11. “Father told me he would not allow his son to read poetry because it would ‘make him gay.'”

12. “‘Intellectual property is a real gray area,’ in regard to blatant plagiarism.”

13. “‘If you don’t let my daughter sing ‘O, Holy Night’ for the Christmas show, I’ll withdraw her and my son from this school, and you’ll never again have such talent.’ Her daughter couldn’t sing on pitch, no matter what, and didn’t even try, because she had zero interest in it.”

14. “Spanish class. Parent asked me to exempt her kid from speaking anything in Spanish. Said it made her daughter uncomfortable to say anything in Spanish.”

15. “When talking to a parent regarding behavioral issues the parent said ‘From 8-2, he’s your problem, not mine.'”

16. “Third grader’s parents come in, with a notarized list of demands. 1. Children in my class must be prohibited from bringing in gluten, ever. They said they didn’t want her to feel left out because other kids were eating gluten. No, she didn’t have celiac, it was just the family’s personal choice. 2. I must let their daughter choose who she sits next to each day (the class had a carefully coordinated seating plan.) 3. She be exempt from history class because she was too advanced for our history class but not advanced enough for the accelerated class.”

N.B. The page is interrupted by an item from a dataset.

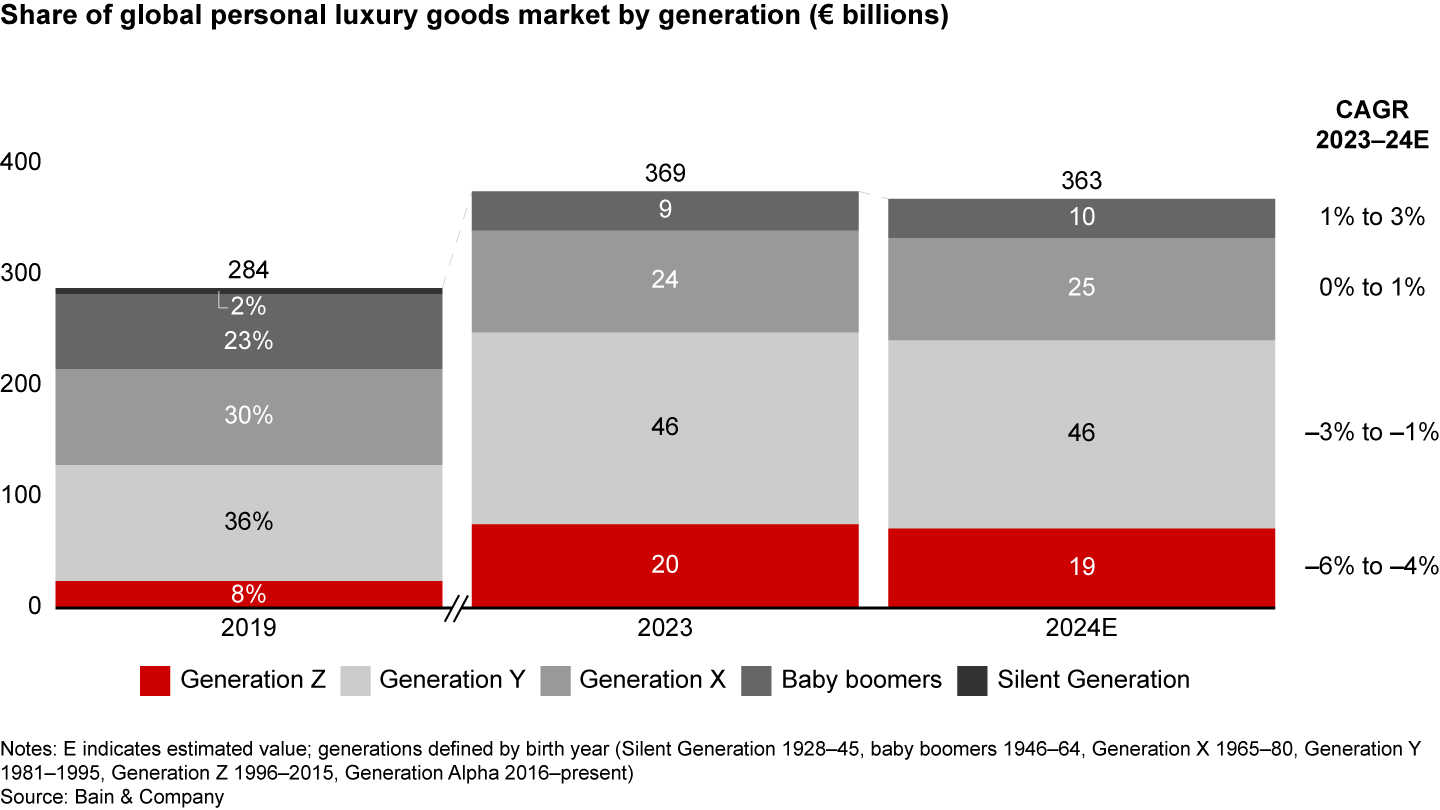 Younger shoppers—in Generation Y and Gen Z—trimmed their luxury spending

17. “When I was a swim instructor, this parent was complaining about how her son ‘wasn’t improving’ in the swim lessons. It was true that sometimes I had trouble motivating him but I felt he was doing well.

In the next lesson, I thought the kid was doing well again and improving. I even got him to swim short distances without assistance (he was 5-years-old and he couldn’t touch the bottom). The mother didn’t seem to think so. She said something like, ‘he can’t just keep going back and forth and kicking the whole time…’ You do realize that’s how people swim right?”

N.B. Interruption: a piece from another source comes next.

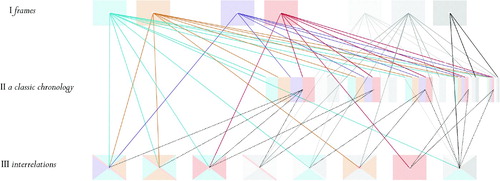 Figure 4. Chronologies of a (sub)urbanized territory interrelations.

18. “‘Yes, my child is misbehaving, throwing chairs, hitting other kids etc. but you took his paper airplane in second grade and scrunched it up, so this is really your own doing. I think the best thing to do is for you to help him make a new paper airplane and apologize. Then I’m sure he’ll behave.’ The kid was in sixth grade at this point.”

19. “When I was student teaching a parent emailed saying to give his child a C. No reason. Just…’give her a C.’ She was getting an F and I couldn’t believe the insanity of just saying what boiled down to ‘C, now.'”

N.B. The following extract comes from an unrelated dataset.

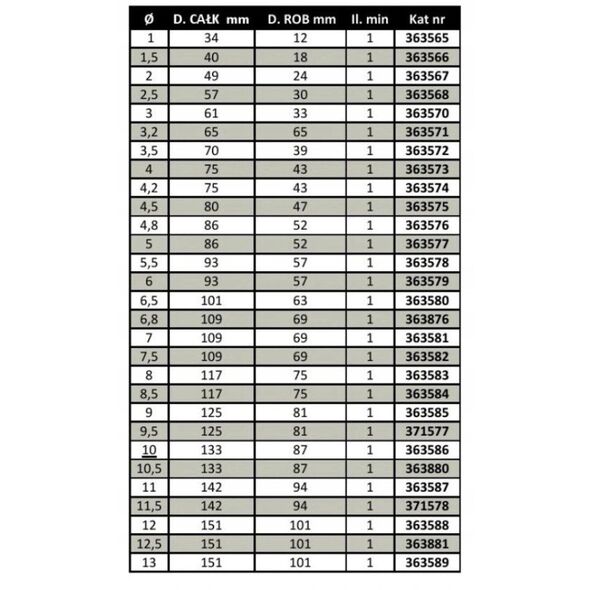 Τρυπάνι Milwaukee 10 X ΤΡΥΠΑΝΙ HSS-R 6,8 MM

20. “‘Caitlyn doesn’t feel like writing. She’ll just say the answers to the work out-loud from now on.'”

21. “I was in an IEP meeting. When the counselor asked the student what his post-high schools plans were, he proudly stated that he was interested in studying animal science. His mother angrily swung her head at him and said, ‘Animal science?! Oh hell no, what about our plans for the NFL?!’ The student got embarrassed and said, ‘Well, I need a back up plan, Mom…’ and she said, ‘Not when you’re as great of a player as you!’ The student was mediocre at best at football.”

22. “I was told last year that the ‘obvious reason’ I work in special education is because I ‘can’t get a job teaching normal children.'”

23. “During a conference, the paperwork from his pediatrician mentioned a possible autism diagnosis. The mom said ‘I don’t know what it is and I don’t ever want to know. I don’t Google anything medical ever.’ In the same conference, she mentioned that one of the men who could be his father has ‘something called Asperger’s.'”

24. “Little boy punched a girl in the face and broke her nose. The dad comes to a meeting with the teacher and principal and high fives his son for doing it.”